Otro niño intervino en la conversación y le explicó con entusiasmo:
—Alguien ha tirado petróleo por el buzón de la puerta.
—¿De qué piso? —Por favor, no digas que ha sido el número ocho, se dijo.
—Del número ocho.
Pensó en los libros apilados en el suelo de la salita como una hoguera esperando a que la encendieran. En todos sus trabajos y deberes escolares, en Danielle Steel, en las teteras en miniatura de su madre. Virgilio, Tácito, el bueno de Plinio (tanto el viejo como el joven), todos los clásicos de Penguin que había rescatado de tiendas de beneficencia. Fotografías.
—Oh —soltó. Fue un sonido muy leve. Un sonido leve y redondo. Tan ingrávido como una pelusa. Un soplo de aliento—. ¿Ha habido heridos?
—Qué va —contestó el primer niño con cara de desilusión.
—¡Reggie! —exclamó el señor Hussain surgiendo de pronto de la multitud—. ¿Te encuentras bien? Me preocupaba que estuvieras ahí dentro. Vente a la tienda, te prepararé una taza de té.

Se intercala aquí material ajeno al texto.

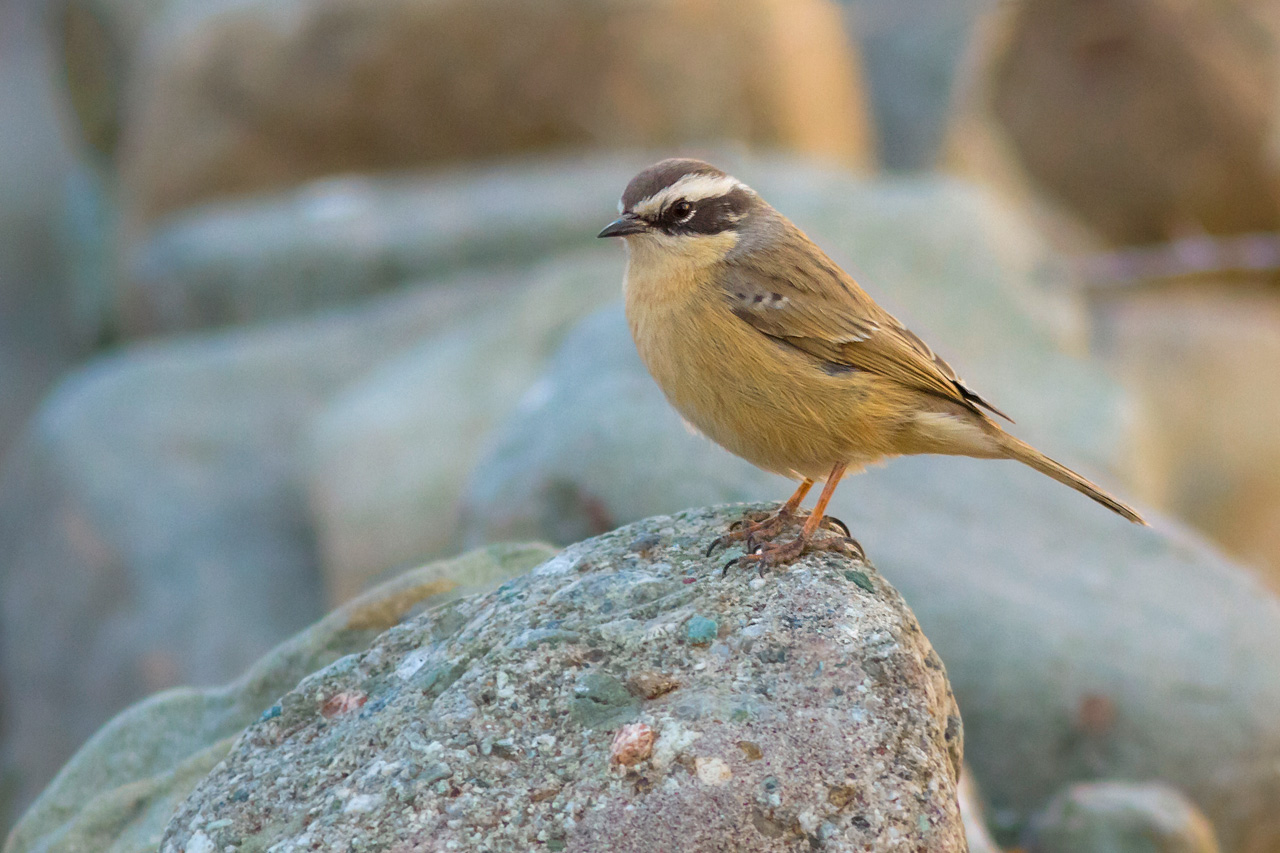 Brown Accentor India Mongolia Whitehawk Birding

—No, de verdad. Estoy bien. Gracias de todas formas, señor Hussain.
—¿Seguro?
—Se lo juro.
Un bombero que parecía al mando salió del edificio y le dijo a un policía:
—Ahí dentro ya está todo apagado.
Entonces empezaron a recoger la gruesa manguera del callejón. Reggie vio al poli asiático guapo, que dio un respingo al verla, como si la reconociera pero no consiguiera ubicarla. Ella se volvió antes de que se acordara.
Se levantó el cuello, se arrebujó en la chaqueta y echó a andar a buen paso con
Sadie
pisándole los talones. No tenía ni idea de adónde iba; solo caminaba para alejarse de su casa, para alejarse del barrio. Tardó unos instantes en advertir que la seguía una furgoneta blanca que avanzaba con sigilo y pegada al bordillo de un modo escalofriante. Apretó el paso, y lo mismo hizo la furgoneta. Echó a correr con
Sadie
galopando excitada a su lado, como si se tratara de un juego. La furgoneta aceleró a su vez y le cortó el paso en el siguiente cruce. Pelopaja y Pelirrojo se apearon de ella. Ambos caminaban con las piernas arqueadas y balanceándose, como monos.
Se plantaron muy cerca de Reggie con actitud intimidante; a Pelirrojo, el aliento le apestaba a carne, como un perro. En primer plano, la cara de Pelopaja se veía aún peor, con pústulas y cráteres cual luna yerma.
—¿Tú eres Billy, la hermana de Reggie Chase? —quiso saber Pelopaja.
—¿La hermana de quién? —preguntó ella con cara de inocencia.